Stored records
===

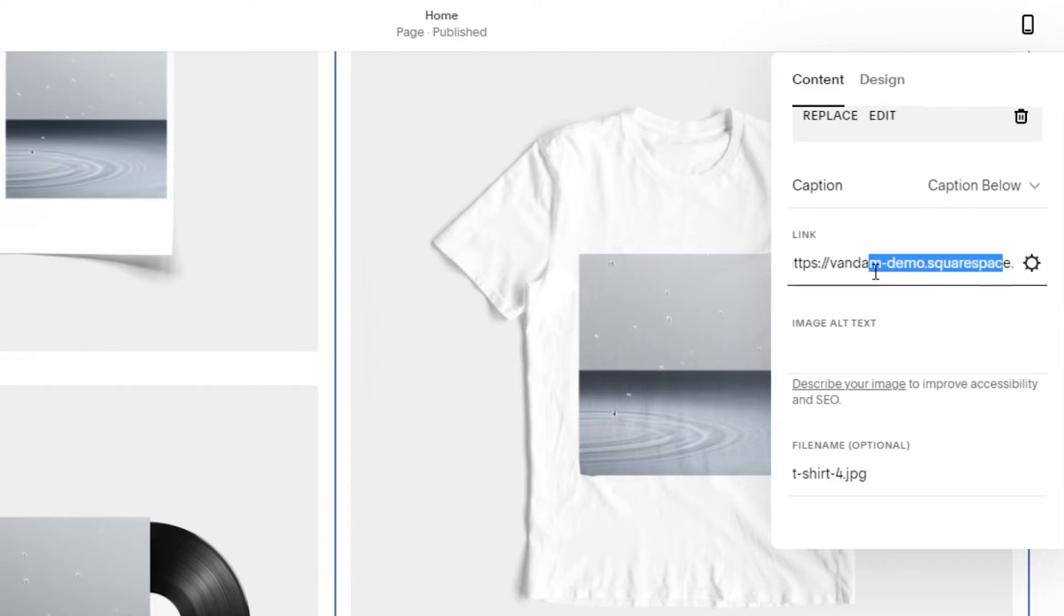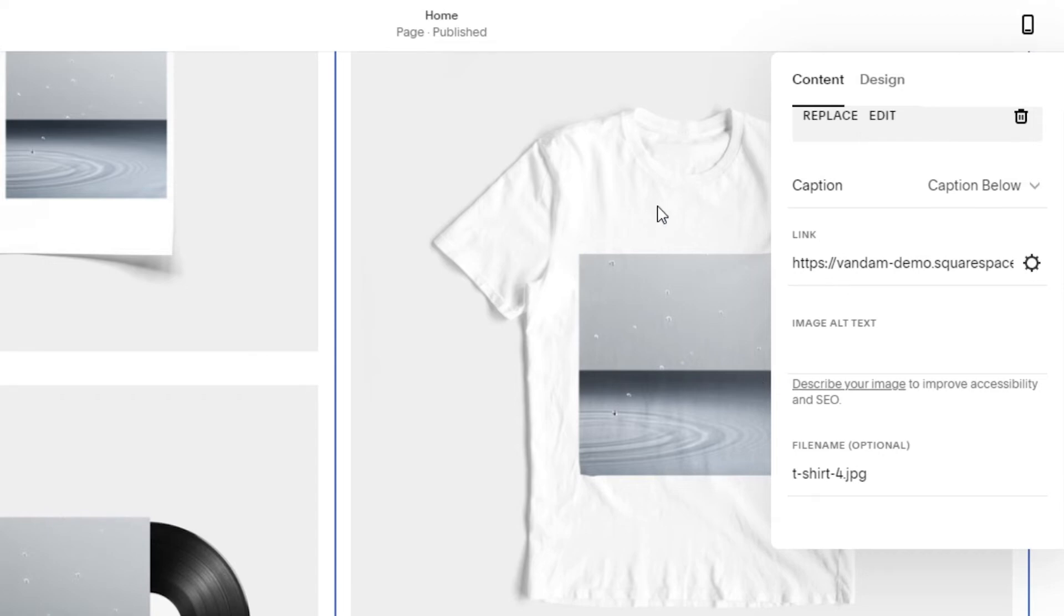Simply add the link right here and click on save. Once you do that, it will be saved and you will be able to make your image clickable within your website.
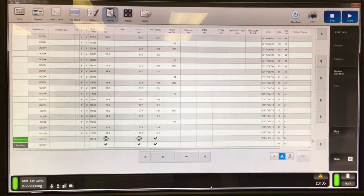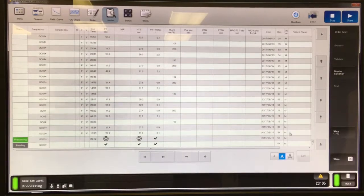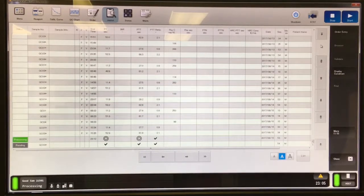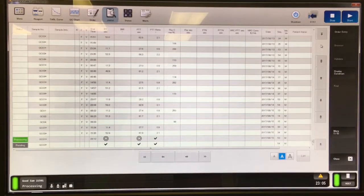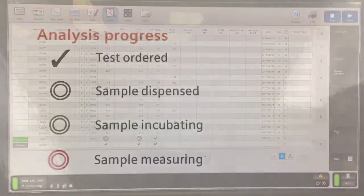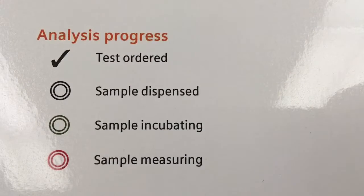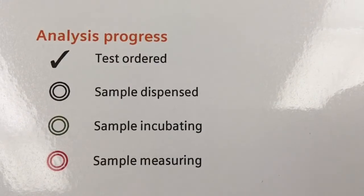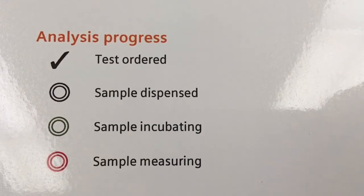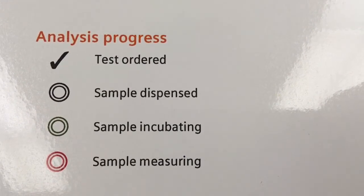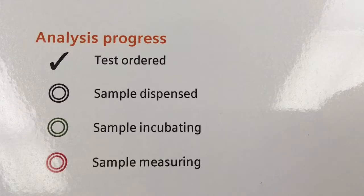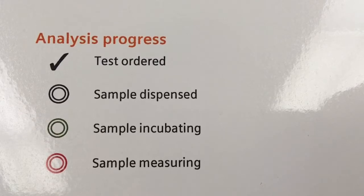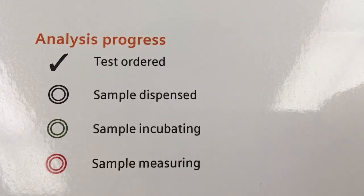Down here at the bottom, you can see they change depending on what the instrument is doing. A check mark means the test has been ordered, the black circle means sample is dispensed, green indicates sample is incubating, and red means sample is measuring.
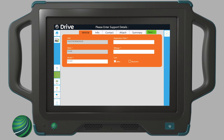Confirm auto-filled information is correct and fill in the remaining information, for example, registration plate and mileage. Select Next.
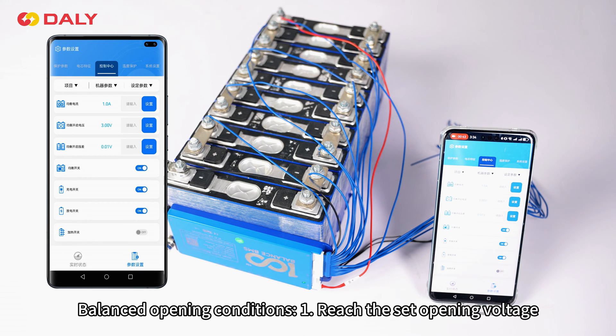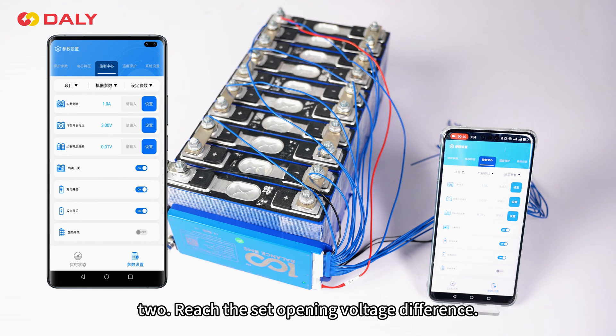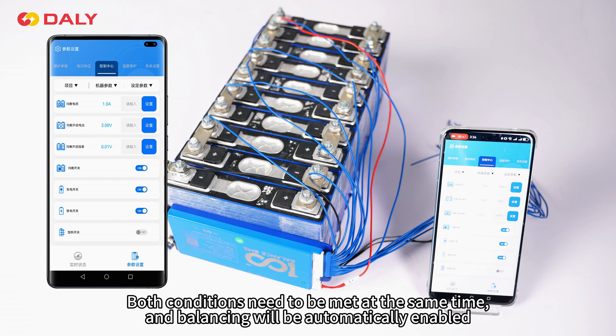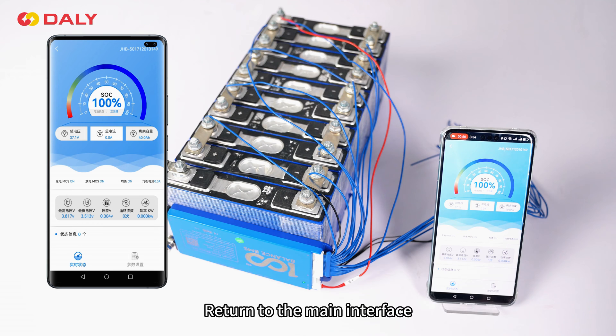Balanced opening conditions: 1. Reach the set opening voltage. 2. Reach the set opening voltage difference. Both conditions need to be met at the same time, and balancing will be automatically enabled.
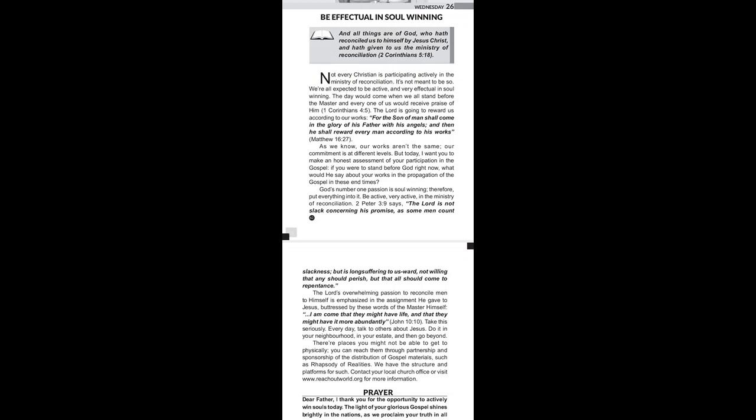As we know, our works aren't the same. Our commitment is at different levels. But today, I want you to make an honest assessment of your participation in the gospel. If you were to stand before God right now, what would he say about your works in the propagation of the gospel in these end times? What a question.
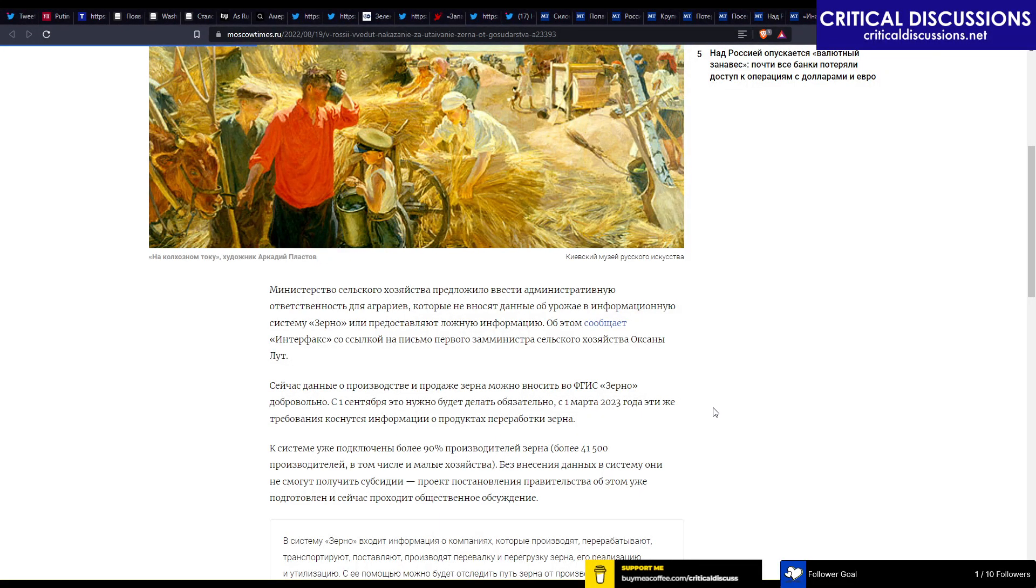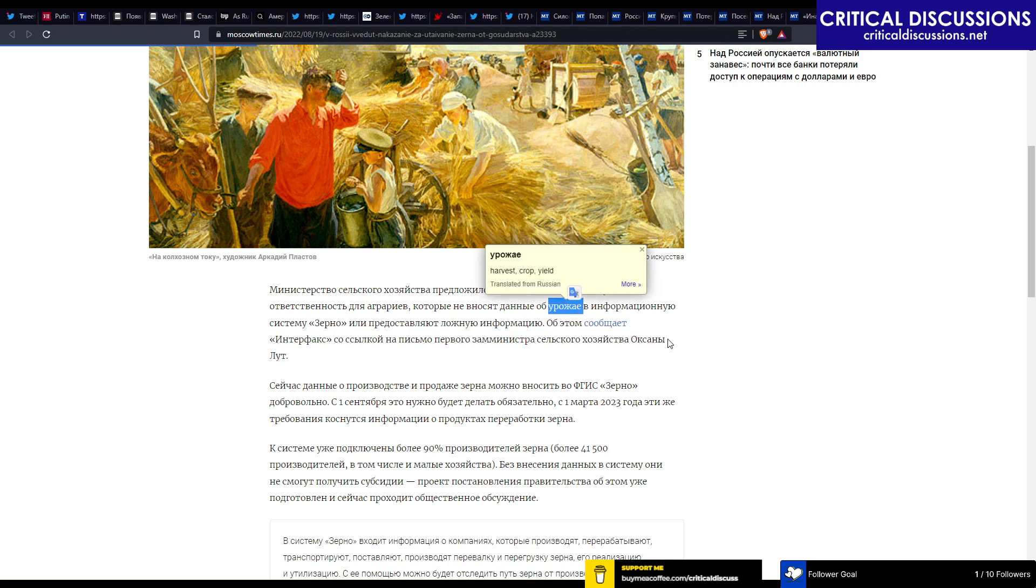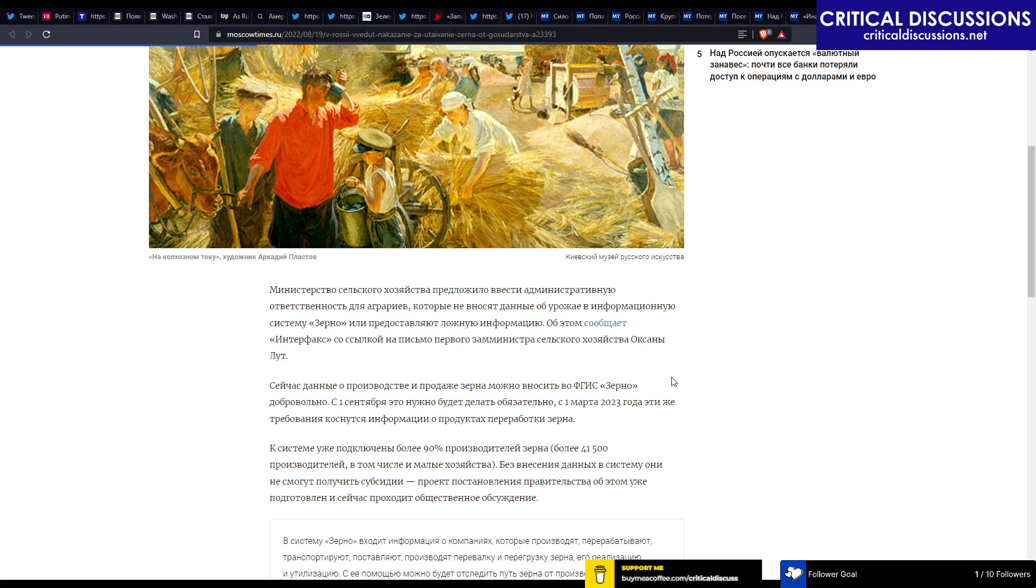Apparently the Ministry of Agriculture wants to create a fine system for agricultures who do not report their harvests into an informational system called Zirnor Grain, or who put in fake information. I didn't know that such a system exists, but apparently...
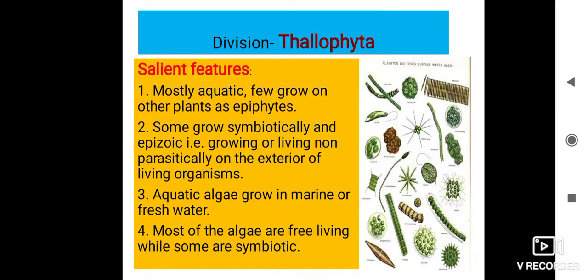Non-parasitically means they do not harm their host — they just take support of that host plant. Third, aquatic algae grow in marine or fresh water. Those algae that survive in water can grow in marine water (khari pani) or fresh water (goda pani). Fourth, most of the algae are free-living; they can live freely, while some are symbiotic, meaning they survive in association with other organisms for mutual benefit. In this picture, there are different types of algae shown.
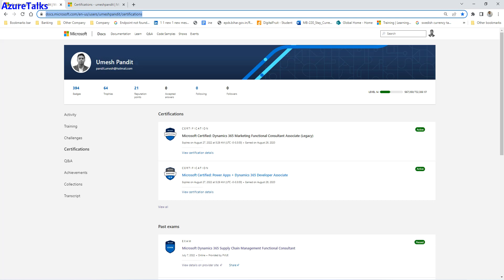Good morning friends, welcome to Azure Talks. Today we are here to talk about how you can renew your Microsoft certification. Once a certification is expired you cannot renew it, but if it is pending for renewal and showing you an option to renew, it should be free. There is no cost, and the great part is it is open book — you can do research on the internet and take references to answer the questions.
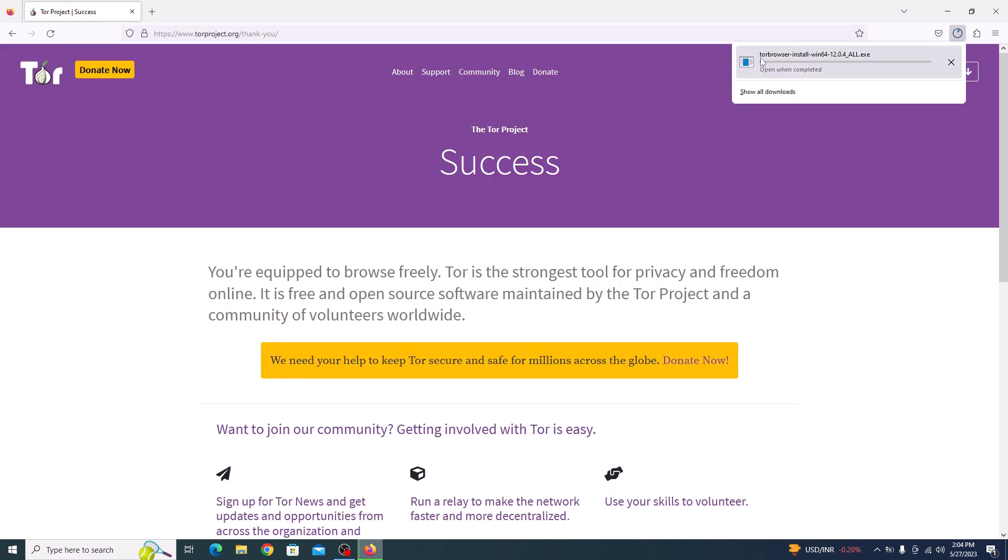The download has started. It will take some time depending upon the speed of your internet connection. Once the download is complete, locate the downloaded file on your computer or click to open the exe file.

===

- Task item -
Retype the entries above exactly, starting at their first line and ending with the line that holds "Non-parasitically means they"; pictures stay out.

- Solution to this exercise -
Simply add the link right here and click on save. Once you do that, it will be saved and you will be able to make your image clickable within your website.
Down here at the bottom, you can see they change depending on what the instrument is doing. A check mark means the test has been ordered, the black circle means sample is dispensed, green indicates sample is incubating, and red means sample is measuring.
Confirm auto-filled information is correct and fill in the remaining information, for example, registration plate and mileage. Select Next.
Balanced opening conditions: 1. Reach the set opening voltage. 2. Reach the set opening voltage difference. Both conditions need to be met at the same time, and balancing will be automatically enabled.
As we know, our works aren't the same. Our commitment is at different levels. But today, I want you to make an honest assessment of your participation in the gospel. If you were to stand before God right now, what would he say about your works in the propagation of the gospel in these end times? What a question.
Apparently the Ministry of Agriculture wants to create a fine system for agricultures who do not report their harvests into an informational system called Zirnor Grain, or who put in fake information. I didn't know that such a system exists, but apparently...
Non-parasitically means they do not harm their host — they just take support of that host plant. Third, aquatic algae grow in marine or fresh water. Those algae that survive in water can grow in marine water (khari pani) or fresh water (goda pani). Fourth, most of the algae are free-living; they can live freely, while some are symbiotic, meaning they survive in association with other organisms for mutual benefit. In this picture, there are different types of algae shown.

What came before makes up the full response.